Roberta Magnusson: (Ph.D., University of California, Berkeley)
Professor Magnusson is the author of Water Technology in the Middle Ages: Cities, Monasteries, and Waterworks after the Roman Empire that draws on insights from environmental, technological, legal, social, and cultural history and makes use of French, German, Italian, and Latin sources. She is now at work exploring the origins and development of public services in medieval English cities and how such services--street-paving, sanitation, bridge building and repair, fire protectionBshaped medieval government and culture. Professor Magnusson is an award-winning instructor who just received The Regents Award for Superior Teaching and is also the History Department's Director of Undergraduate Studies. She regularly offers courses on medieval history including a popular course on the Crusades and another on women in the medieval age.

Donald Pisani: (Ph.D., University of California, Davis)

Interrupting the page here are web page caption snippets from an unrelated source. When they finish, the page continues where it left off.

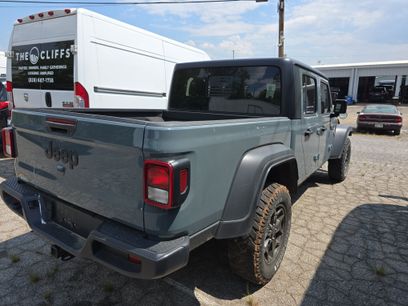 Used 2024 Jeep Gladiator Sport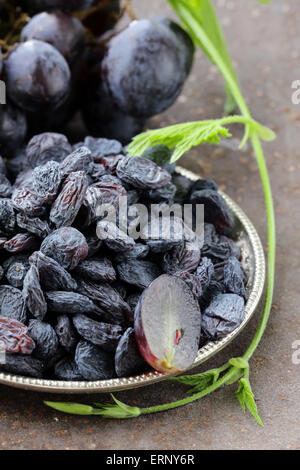 Organici naturali delle uve secche uvetta, rustico still life Foto Stock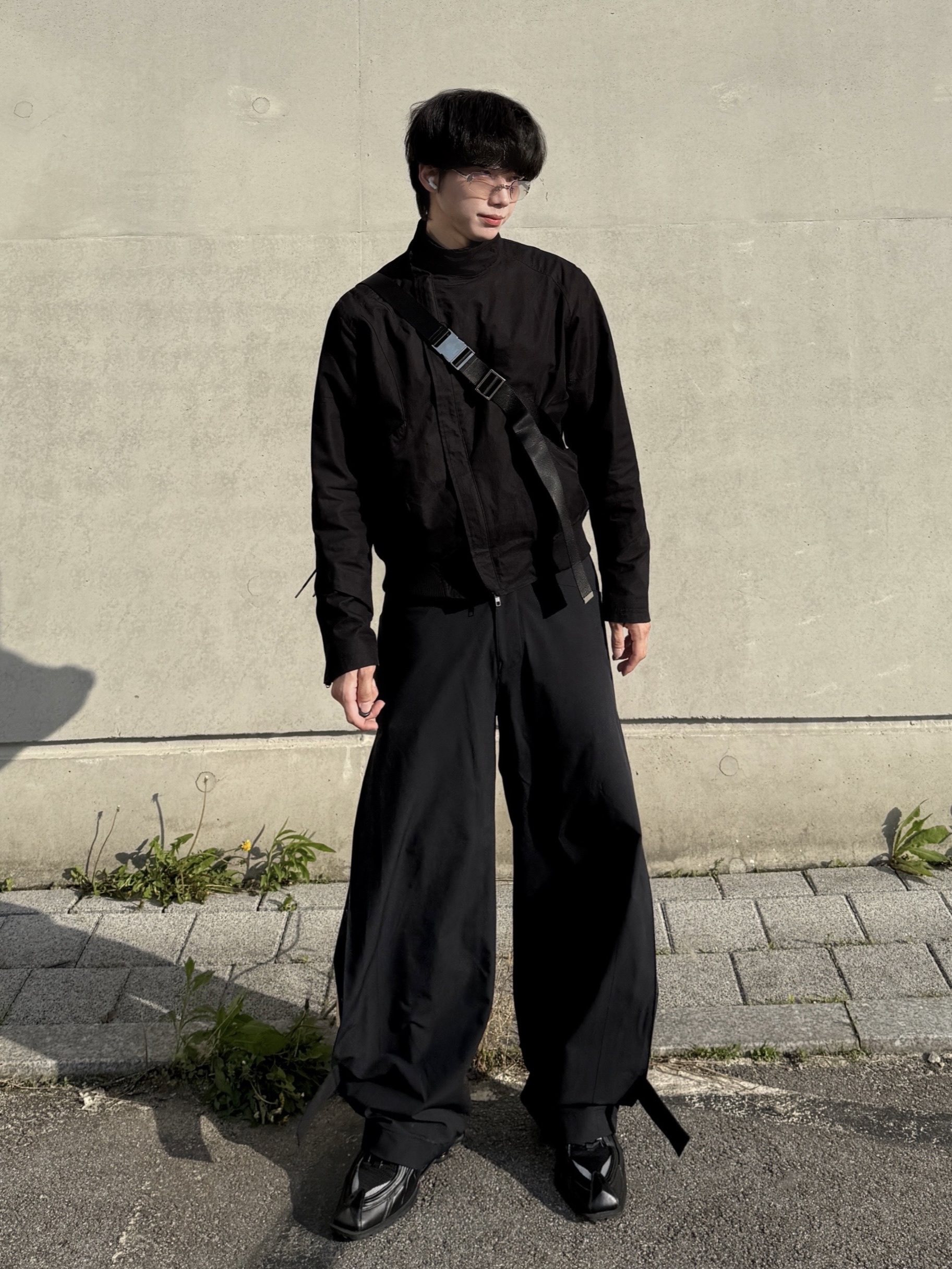 Nonnod Flexible Pants Black, Nike x Martine Rose Shox MR4 Black 착용 스타일 - 9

Professor Pisani, the Merrick Professor of History, is one of the nation's leading environmental historians and is a past presidents of the American Society for Environmental History. He is recognized as the foremost expert in the United States on the history of natural resources, the environment, law, and public policy in the West. His book, To Reclaim a Divided West: Water, Law, and Public Policy, 1848-1902, was a co-winner of the Charles A. Weyerhaeuser Award for its contribution to the history of the environment and natural resources. His most recent book, Water, Land, and Law in the West, continues his exploration of important environmental issues, as does his current research on water and public policy in the first three decades of the twentieth century.

Elena Songster: (Ph.D., University of California, San Diego)
Professor Songster holds a joint appointment with the School of International and Area Studies and is finishing a book, PANDA NATION: Nature Protection, Science, and Nationalism in the People’s Republic of China, which examines the creation of Nature Reserves and giant panda protection in the context of China’s efforts to distinguish itself as a nation. This research bridges many fields and topics and will contribute to a rich scholarly literature on American, European, and Japanese ways of thinking about nationalism, state-building, and the role of nature and nature reserves in this process. The study will offer a pioneering look at Chinese approaches to nature reserves while simultaneously exploring the cultural production of the panda as a national symbol, both occurring against the backdrop of China’s much publicized attempts at socialist transformation and later post-socialist development. Her next major research project examines the extraction of wild fauna and medicinal herbs from China’s natural areas for use in Chinese medicine and medicinal trade during the Republican and PRC eras. She is also interested in the relationship between nature, industry, and politics (specifically paper production and supply) during the Republican Era, 1911-1949. Professor Songster has offered a wide array of courses, including East Asian surveys, ethnic identity in China, and a small seminar on China and the international environmental crisis.